EXERCISE INSTRUCTIONS: Without the pictures, print the lines from the one holding "MALACOTHRIX GLABRATA BLOOM Stock Photos" through the last line below, both included, exactly as they stand.

(Beginning of DATA)

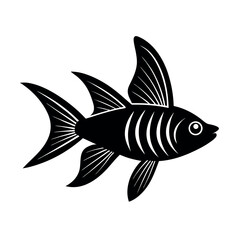 fish on a white background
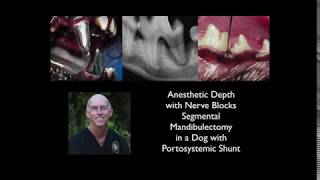 Vet Dentistry | Anesthetic Depth for a Patient with a Portosystemic Shunt Undergoing Mandibulectomy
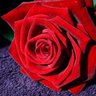 الزهرة الحمراء ملاك's profile picture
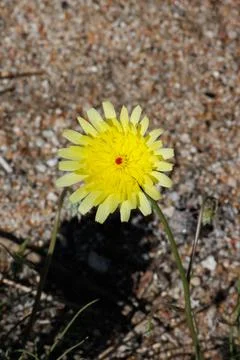 MALACOTHRIX GLABRATA BLOOM Stock Photos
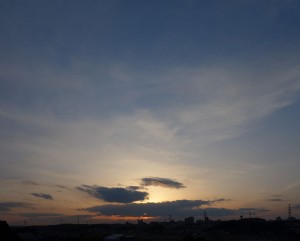 DSC07330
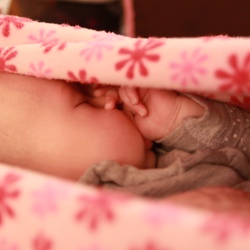 2010 09 18 - Aenea in hangdoek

(End of DATA)

ANSWER BELOW:
 MALACOTHRIX GLABRATA BLOOM Stock Photos
 DSC07330
 2010 09 18 - Aenea in hangdoek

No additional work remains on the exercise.